Work to complete >> Find the line with "Alimentatore Newland 19" in the entries below, then reproduce it and every line after it down to and including the line with "2015 Hyundai i10", exactly.

Records for the task >>

....................

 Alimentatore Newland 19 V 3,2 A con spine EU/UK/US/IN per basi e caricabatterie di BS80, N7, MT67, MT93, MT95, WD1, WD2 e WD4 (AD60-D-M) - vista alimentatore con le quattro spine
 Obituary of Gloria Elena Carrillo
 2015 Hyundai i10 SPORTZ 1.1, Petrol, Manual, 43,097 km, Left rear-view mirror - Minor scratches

....................

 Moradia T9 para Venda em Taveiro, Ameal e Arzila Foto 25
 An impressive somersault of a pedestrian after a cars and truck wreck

....................

Result for this exercise >>
 Alimentatore Newland 19 V 3,2 A con spine EU/UK/US/IN per basi e caricabatterie di BS80, N7, MT67, MT93, MT95, WD1, WD2 e WD4 (AD60-D-M) - vista alimentatore con le quattro spine
 Obituary of Gloria Elena Carrillo
 2015 Hyundai i10 SPORTZ 1.1, Petrol, Manual, 43,097 km, Left rear-view mirror - Minor scratches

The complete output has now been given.